Tuesday, November 10, 2015

Crimson Peak (Review)




Crimson Peak is not so much a movie as it is a narrative haunted house. It is ostentatiously designed to be experienced in three dimensions. The media on which it is shot robs it of any cinematic texture, and the story is spilled in our laps with all the grace and reserve of a spring-mounted skeleton leaping from a cupboard. The visual experience of the film is that of an aggressively lit museum display. Even in the darkest spookiest recesses of a decrepit old mansion every nook is made visible and has a surface with all the gauze and mystery of a brass railing.

The director Guillermo del Toro has experience telling ghost stories. His masterpiece The Devil’s Backbone is both chilling and melancholy. It uses ghosts to shed light on the frailties of life and emotion as well as deliver some memorable suspense and genuine scares. For the length of Crimson Peak however he seems to have wearied of both mystery and delicacy. In this film he very much favors the immediate delivery of visual shocks, unaided by suspense or emotion. The first five minutes of the film so thoroughly empty his bag of tricks that suspense or unease are virtually removed as possible effects for the rest of the film. All that is left is to wander around the rest of the film judging the “scares” on aesthetics and construction.

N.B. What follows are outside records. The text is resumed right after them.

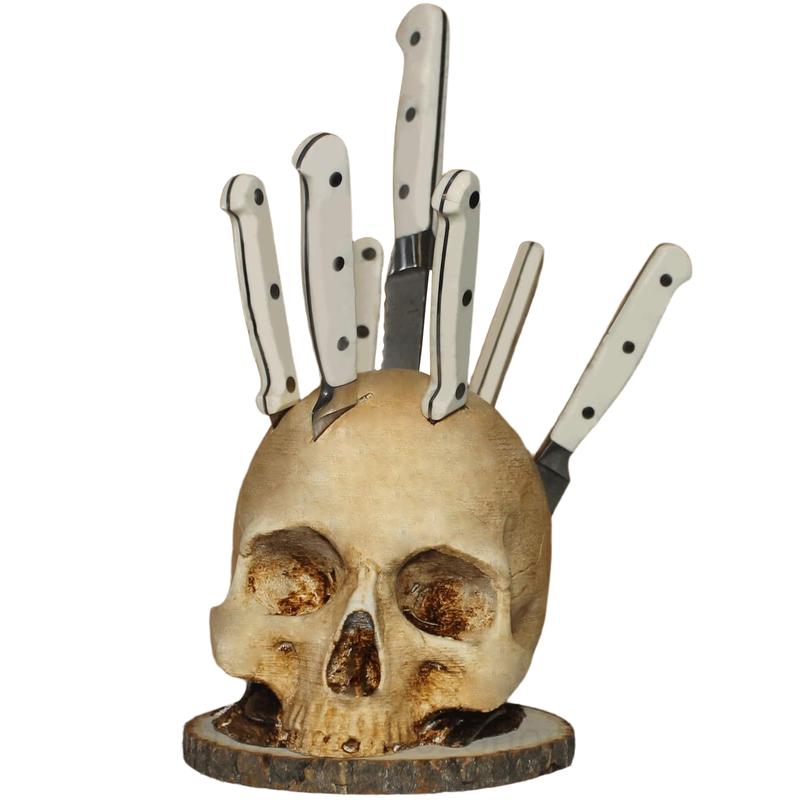 Skull Design Knife Holder, 1 Count Creative Skull Knife Block, Knife Storage Rack, Halloween Table Decor, Halloween Decorations, Scary Party Storage Rack, Decorative Kitchen Accessories, Home Kitchenware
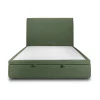 Lit coffre 160x200cm avec tête de lit tapissier Tissu Vert - Hauteur totale : 39cm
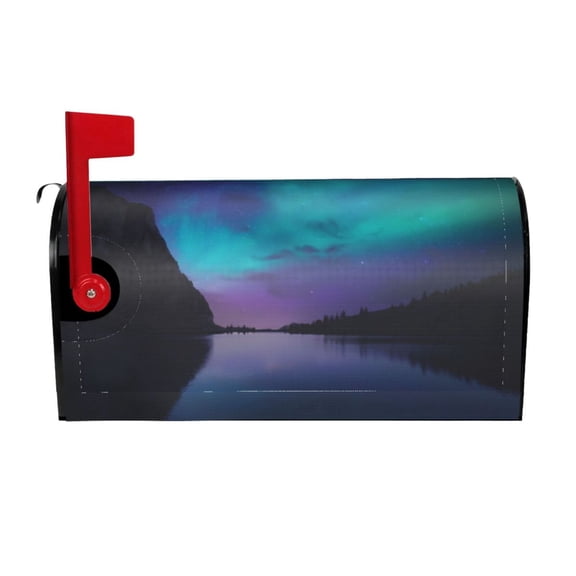 Rateoe Night At Lake Aurora Printed Mailbox Covers - Easy to Install Fall, Winter, Spring, Summer Mailbox Cover - Weather and UV-Resistant Mailbox Decor - Mailbox Magnetic Covers-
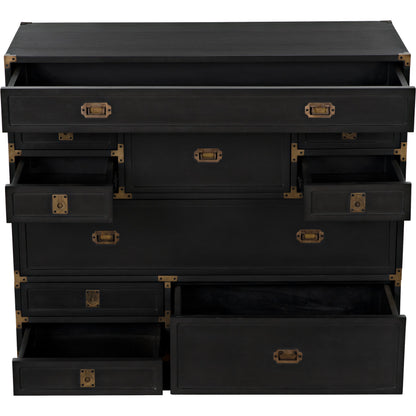 Charles Chest by Noir in pale. Made from mahogany with brass handles in a transitional style.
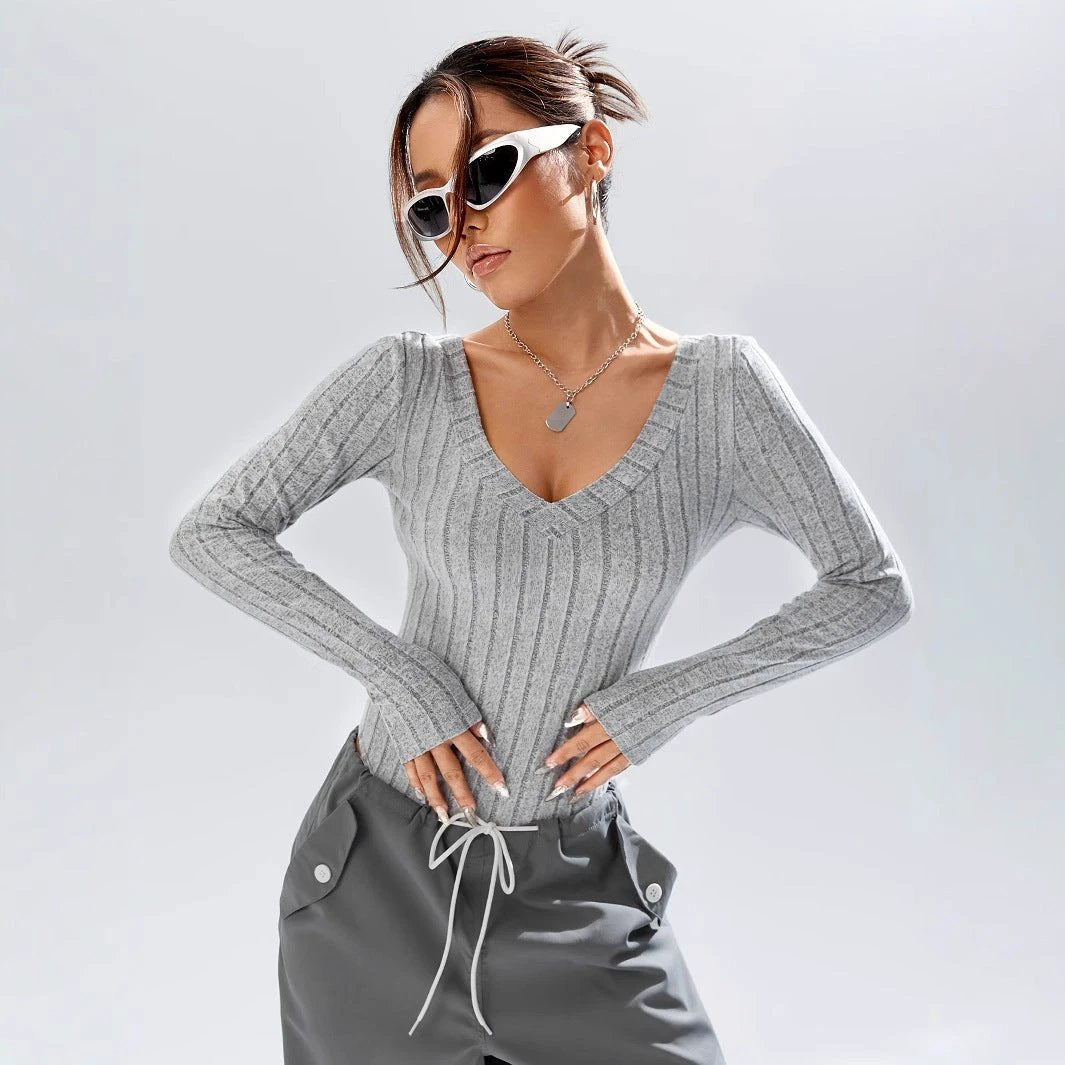 Simple Casual Solid Color Deep V-neck Slim Fit Waist-controlled Long Sleeves Jumpsuit Women by GJG Denim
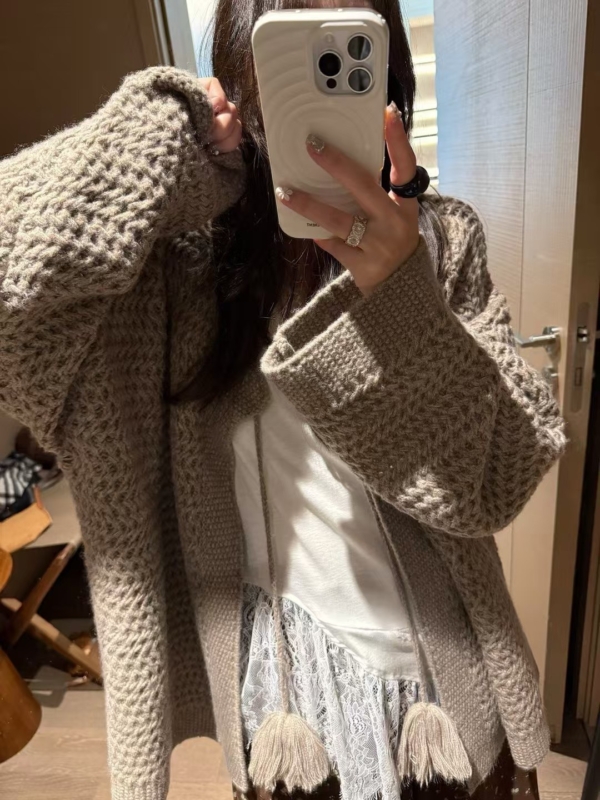 糯米絨毛球大開衫外套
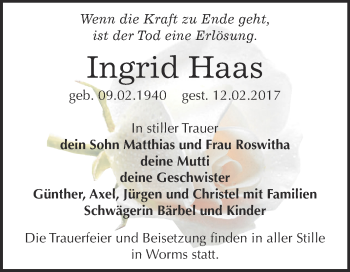 Traueranzeige von Ingrid Haas von WVG - Wochenspiegel Dessau / Köthen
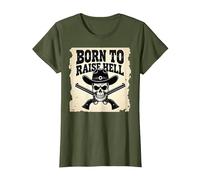 Nacido para Levantar el Infierno: Cráneo de Vaquero proscrito Actitud rebelde Camiseta, Mujer, Verde Oliva, XXL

When it comes to aesthetics and construction the later two thirds of Crimson Peak are effective. In the history of haunted houses this film’s multistory gothic edifice, missing its roof and seemingly built entirely of haunted portraits and crenulated cinders, which stands atop the Crimson Peak of the title, is quite memorable. The seeds of an effective and profoundly frightening film are here.




Within the film, Crimson Peak is a hill of red clay in the grimmest corner of British imagination, a place so fog bound and remote it makes the collective imaginings of the Bronte sisters look like a Walt Disney theme park. Yet the clarity with which the high-resolution digital photography and 3D obsessed design render it makes it all seem spacious and awe inspiring instead of lowering and scary. I’d be afraid of freezing to death in the house on Crimson Peak but not necessarily of any of its contents. There is just too much space in which to move around and make an effective getaway.

If we as viewers had been brought into the house with any sense of mystery as to the film’s attitude toward ghosts, or the nature of the owners as either beneficent or evil, the secondary revelations that crop up might have had more of an impact. But with these major points of the game given away before even a third of the movie has passed, the revelation of more minor plot elements, though enlightening as to why things happen the way they do in the film, add nothing to any sense of unease on the part of the audience beyond simple queasiness.

As an environment to move about in and point at items of interest, Crimson Peak is successful. As an example of cinematic storytelling it is hardly distinct from a creaky, over-elaborate, and poorly built house.